McNabb v. Department of Corrections

¶41 (concurring) — I concur in the result reached by the lead opinion. However, I do not believe that the Turner13 balancing test is necessary or appropriate in this case. Prisoners who are otherwise healthy have no right to refuse artificial means of nutrition and hydration in an effort to end their lives. Contrary to the inference of the dissent, Charles McNabb is not conducting a hunger strike — he is attempting to commit suicide. The extraordinary intervention in this case was initiated only when *412medical staff issued a written determination that McNabb’s health was threatened. McNabb has no right to starve himself to death by refusing sustenance while in the custody of the State — this is not a privacy right that citizens of the state hold or expect to hold.

Madsen, J.

*412¶42 I write separately to express my disagreement with the lead opinion’s premise that there is a right to refuse artificial means of nutrition and hydration on the part of individuals who do not suffer from a terminal or incurable illness or a severe and permanent mental and physical deterioration. Our precedent expressly states that “in the absence of countervailing state interests, a person has the right to have life-sustaining treatment withheld where he or she (1) is in an advanced stage of a terminal and incurable illness, and (2) is suffering severe and permanent mental and physical deterioration.” In re Guardianship of Grant, 109 Wn.2d 545, 556, 747 P.2d 445 (1987).

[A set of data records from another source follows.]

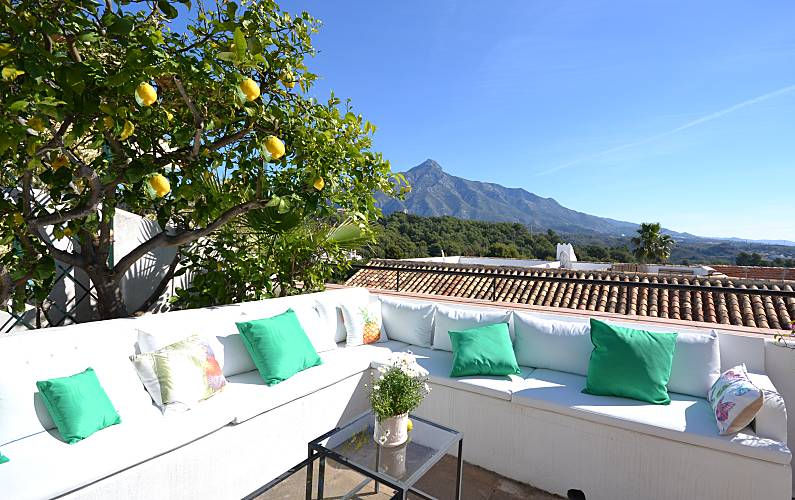 Casa com 3 quartos a 4 km da praia Málaga - Terraço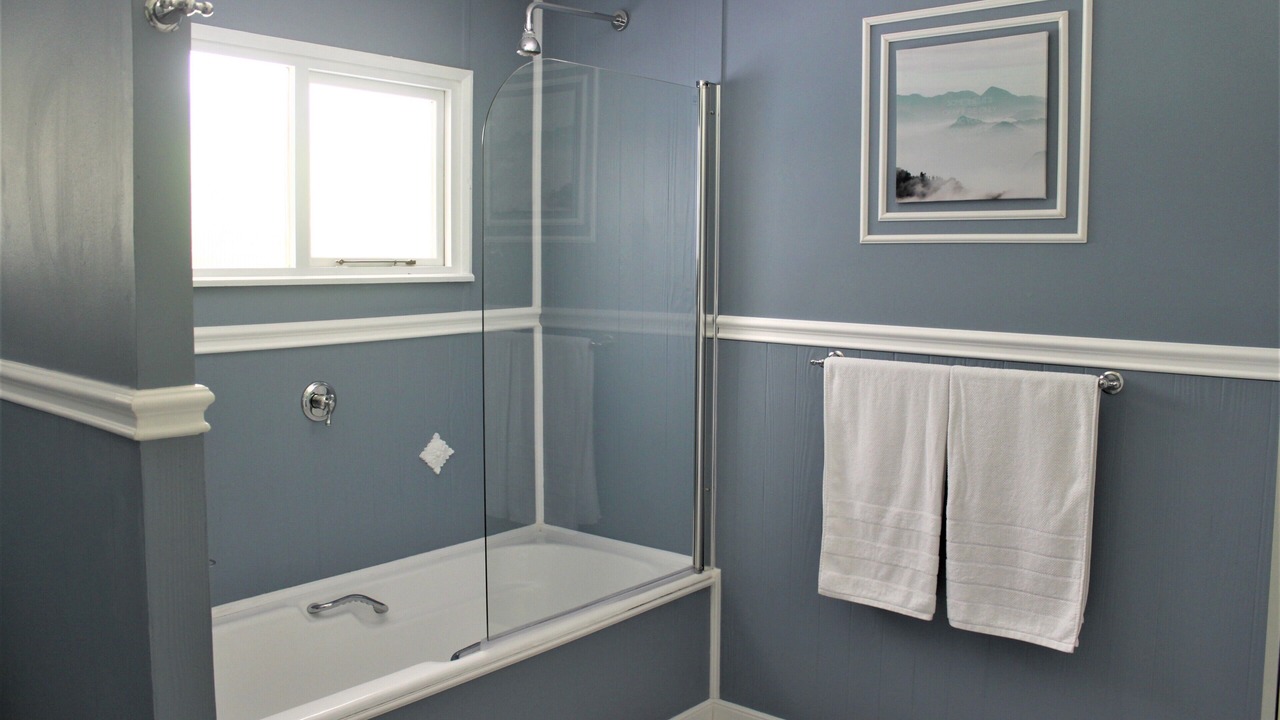 Photo of Bathroom in Glentana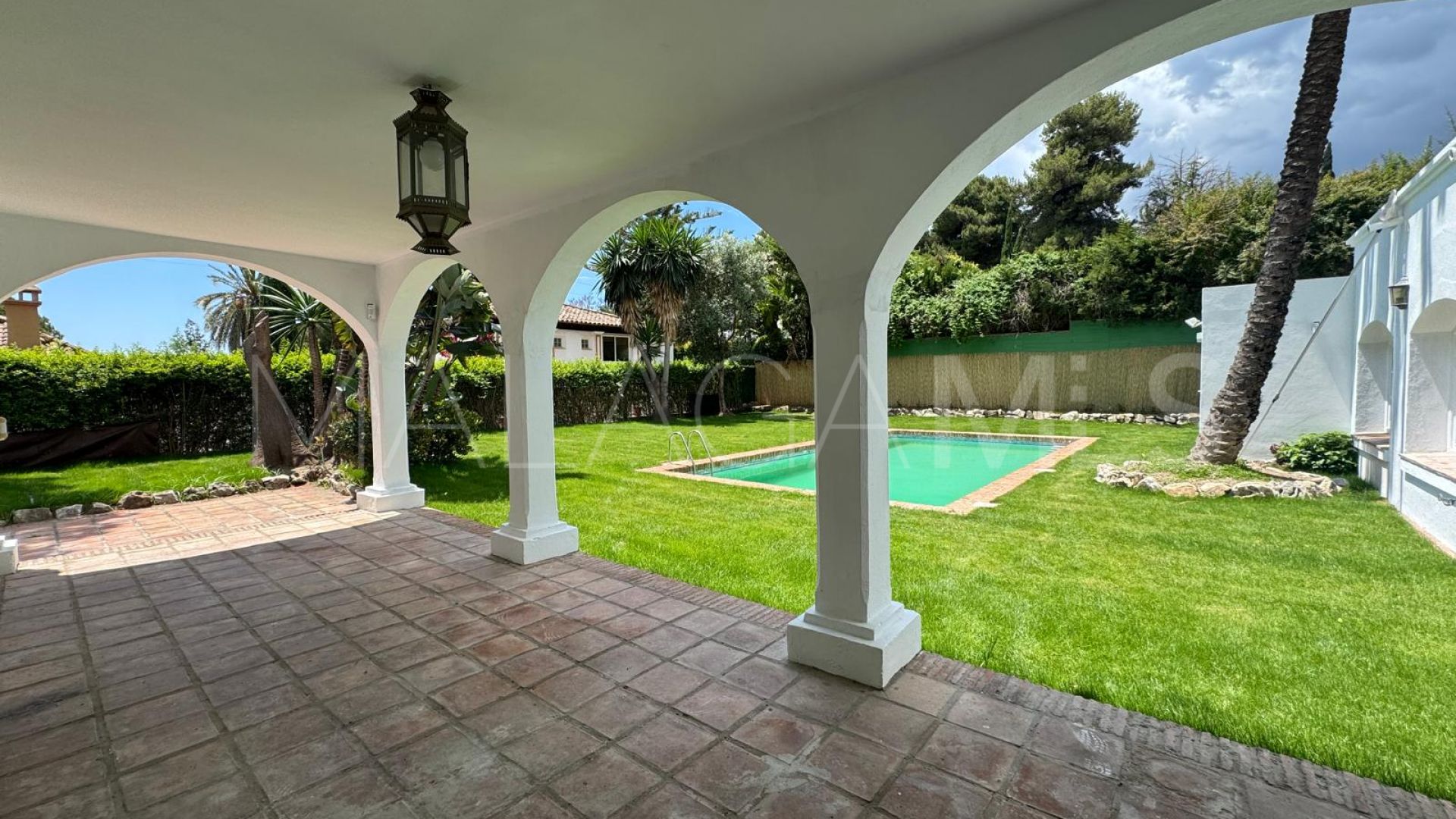 El Paraiso villa for sale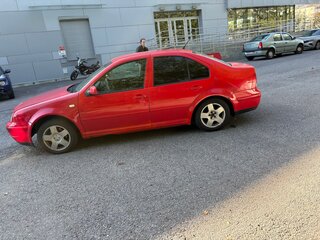 1999 Volkswagen Bora I, красный, 220000 рублей, вид 4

¶43 Mr. McNabb’s privacy rights are not violated by the force-feeding at issue because he is not in an advanced stage of a terminal or incurable illness, nor does he suffer from a severe and permanent mental and physical deterioration. He therefore has no right to refuse life-sustaining treatment.

¶44 The State’s Natural Death Act, chapter 70.122 RCW, carries out the constitutional right. It provides that “adult persons have the fundamental right to control the decisions relating to the rendering of their own health care, including the decision to have life-sustaining treatment withheld or withdrawn in instances of a terminal condition or permanent unconscious condition.” RCW 70.122.010 (emphasis added). “Life-sustaining treatment” includes “artificially provided nutrition and hydration, to sustain ... a vital function, which, when applied to a qualified patient, would serve only to prolong the process of dying.” RCW 70-.122.020(5). “Terminal condition” means “an incurable and irreversible condition . . . that, within reasonable medical judgment, will cause death within a reasonable period of time . . . and where the application of life-sustaining *413treatment serves only to prolong the process of dying.” RCW 70.122.020(9). Like this court’s cases addressing the constitutional right, the state statutes recognize that the right to refuse nutrition and hydration exists only in the case of a terminal illness.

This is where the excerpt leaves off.